The Walking Dead Season Two: No Going Back
Developer: Telltale Games
Publisher: Telltale Games
Platforms: iPad, iPhone, PC, PlayStation 3, Xbox 360 (Reviewed)
Release Date: August 26, 2014
Price: $4.99 – Available Here
Over the course of The Walking Dead Season Two Telltale Games has managed to tell a story with a very different tone than that of the first season. With the focus shifted from protecting a young girl as Lee, to surviving with a new set of strangers as Clementine, Season Two has managed to pull together an impressive story in its own right. However with No Going Back being the final episode, does the second season feature a fitting finale?
As mentioned in previous reviews, the following review will contain some minor spoilers for the events that happened in the most recent episodes, though the actual details of the story will be kept to a minimum. With that said No Going Back picks up immediately after the events of Amid the Ruins, meaning Clementine and her group are in the middle of a shootout.
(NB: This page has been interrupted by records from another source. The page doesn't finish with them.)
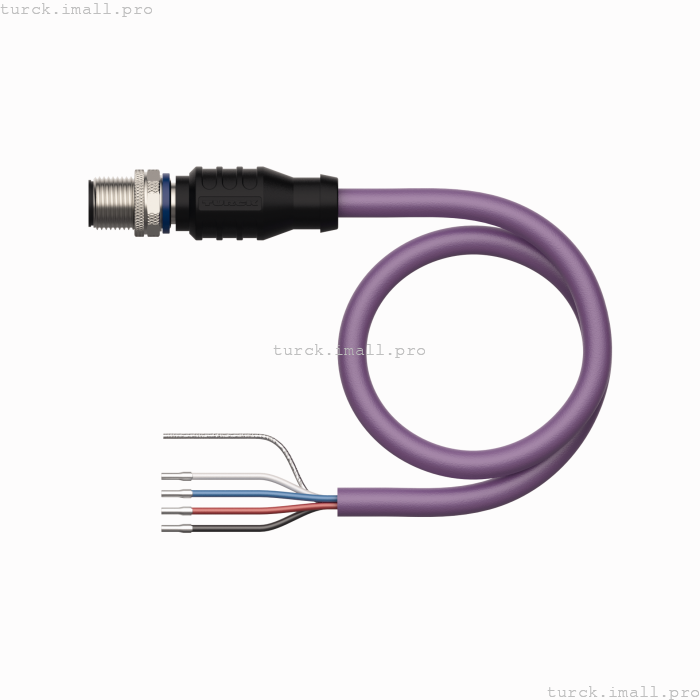 RSSW-X2X-7.5M 100048889 TURCK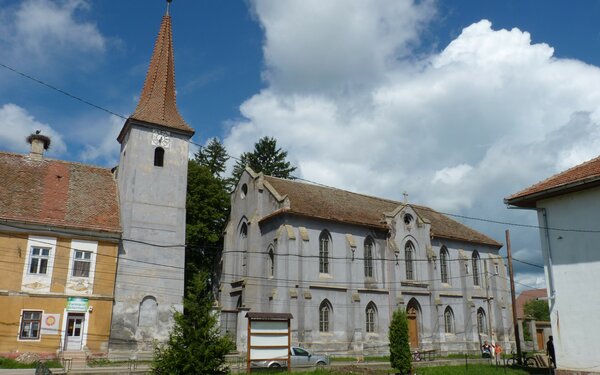 Schirkanyen im Jahr 2013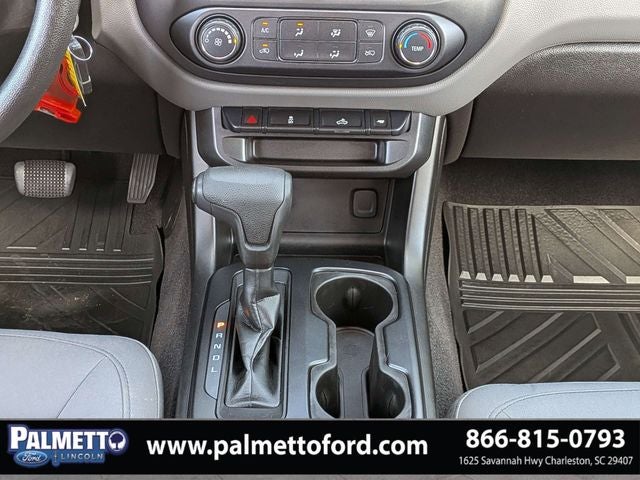 2020 Chevrolet Colorado Work Truck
Right off the bat players are immediately forced to make decisions that involve the group’s survival and put Clementine’s safety at risk. However while the episode might start full of danger, it slows down to a crawling pace which feels strange considering the fact that this is the final episode that must wrap things up. While the story takes these slow moments to try and develop the fraying connections holding the group together, players are given very little reason to care about two of the members of the group which makes one certain event feel like a disappointment as well as a poignant betrayal.
Of course the fact that you can feel betrayed by a character does wonders for Telltale’s writing; it also lacks credibility, even if the splintering of the group has been hinted throughout the last few episodes. It is also interesting to note that while this is Clementine’s journey, the main focus has been Kenny’s descent into darkness. Players have watched the downfall of Kenny throughout the season and his interactions with the rest of the group bring things to a head, often making players have to decide between agreeing with Kenny, trying to help the group, or attempt to stay neutral.
Although the story may begin to drag in the middle and lacks a fair amount of the drama found in the first season’s ending, there are still twists to be had and emotions can run raw due to the various events that occur throughout the episode, especially during a certain sequence. At the same time though, many of these emotions come from other characters whereas Clementine simply seems like she is along for the ride as she listens to their problems.
That being said, the weight of these characters’ emotions plays heavily into expanding them in the final episode, allowing players one more look at what they are struggling with. Nowhere do they run higher than at the conclusion where three different endings, and variations of those endings, are presented to the player. In a way that is a far cry from the first season, each of these endings feels satisfying in its own right, even if the meaning behind each ending is quite sad, but it will be very interesting to see exactly where Telltale will go from here.
It is interesting to see how Telltale has managed to take a very simplistic set of mechanics and evolve them over time to give certain actions extra meaning. While the core gameplay still remains the same, it is in this episode where the mechanic involving slow actions helps give a scene extra meaning as players tend to someone instead of simply clicking a button and watching events unfold.
As mentioned above, player choice does play a role in how events unfold in the final endings which is an improvement over the first season where the ending was the same, only the journey in the final episode was altered. This gives players a chance to really feel like they are forming Clementine’s personality and resolve as they choose how she will respond and what actions she will take when she is forced to decide.
It is also worth noting that the series’ standard Rewind feature is also a very nice feature considering the game’s multiple ending options. While players may wish to simply stick with the ending that they originally received because they went with their gut feelings, it really helps give players an option to not only alter the way they wish the story to end, but also find out what else might have happened if they chose a different option.
Visuals & Audio
With winter closing in and snow blanketing everything, Telltale has chosen a different overall environment for players to navigate through but the standard comic book art style persists throughout No Going Back which continues to work wonders given the art style and the subtle emotions the developers can still draw from the characters.
The voice work continues to be as impressive as ever, especially with tensions running as high as they do in this final episode, showing that Telltale has an eye for good voice actors.
By placing players in control of Clementine Telltale Games gave us a game with a tone far different from that of the first season and they have managed to tell a successful and different story with a satisfying set of endings. By building tension over the past few episodes and having it pay off with No Going Back, players are in for quite an emotional experience. Even though this finale has its high points and low points, it concludes with Telltale being placed in an interesting position as they have hooked an audience that will be waiting to see how and if things will continue in the next season.